■ WHAT IS EXPECTED: With the pictures set aside, return the lines below exactly, beginning at the first and ending at the line containing "A mesmerizing cosmic".

BEGIN

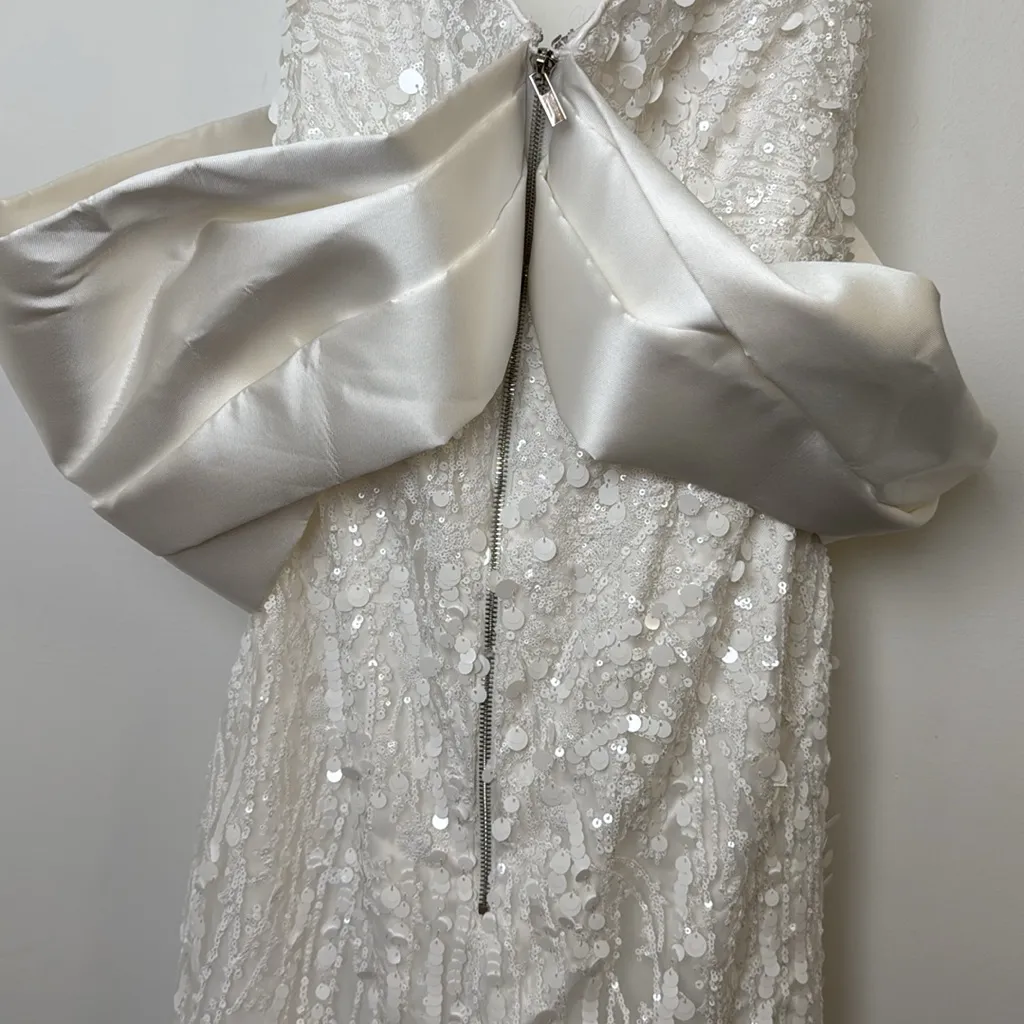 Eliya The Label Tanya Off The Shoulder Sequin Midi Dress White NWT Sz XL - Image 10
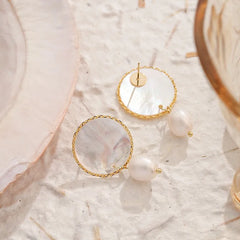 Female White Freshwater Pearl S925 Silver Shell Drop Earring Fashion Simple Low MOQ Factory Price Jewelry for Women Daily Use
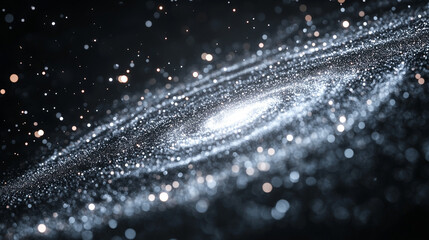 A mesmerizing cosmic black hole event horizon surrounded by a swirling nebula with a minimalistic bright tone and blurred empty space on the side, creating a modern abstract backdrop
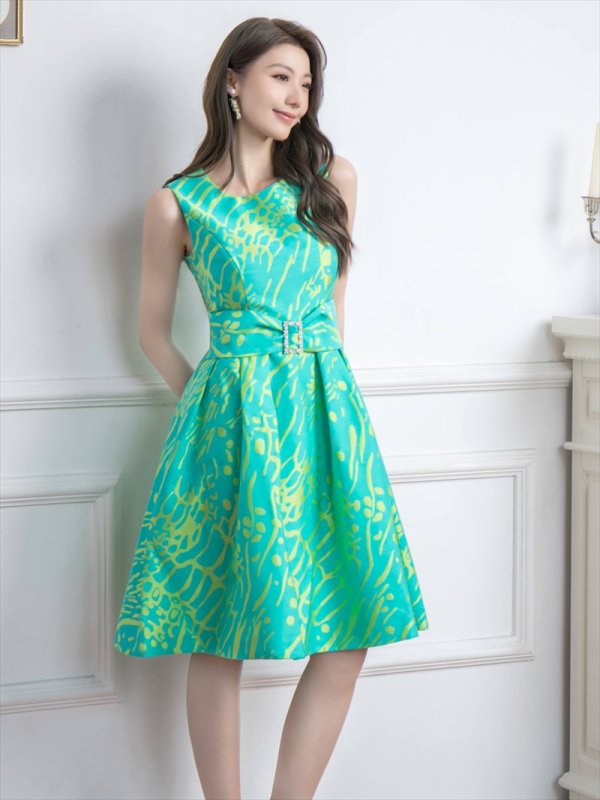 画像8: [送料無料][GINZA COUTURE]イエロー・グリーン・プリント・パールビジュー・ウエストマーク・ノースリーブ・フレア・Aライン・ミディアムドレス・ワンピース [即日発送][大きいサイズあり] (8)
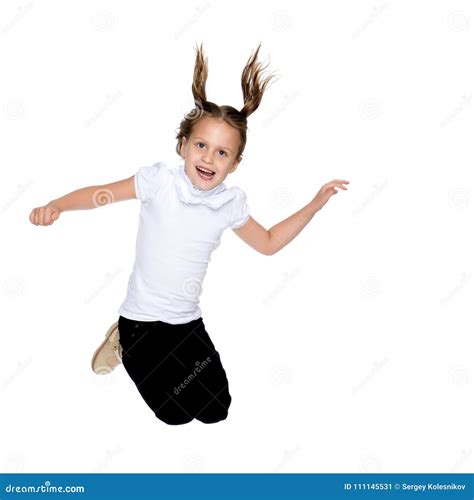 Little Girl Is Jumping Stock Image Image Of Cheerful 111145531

END

■ REPLY TO THE EXERCISE:
 Eliya The Label Tanya Off The Shoulder Sequin Midi Dress White NWT Sz XL - Image 10
 Female White Freshwater Pearl S925 Silver Shell Drop Earring Fashion Simple Low MOQ Factory Price Jewelry for Women Daily Use
 A mesmerizing cosmic black hole event horizon surrounded by a swirling nebula with a minimalistic bright tone and blurred empty space on the side, creating a modern abstract backdrop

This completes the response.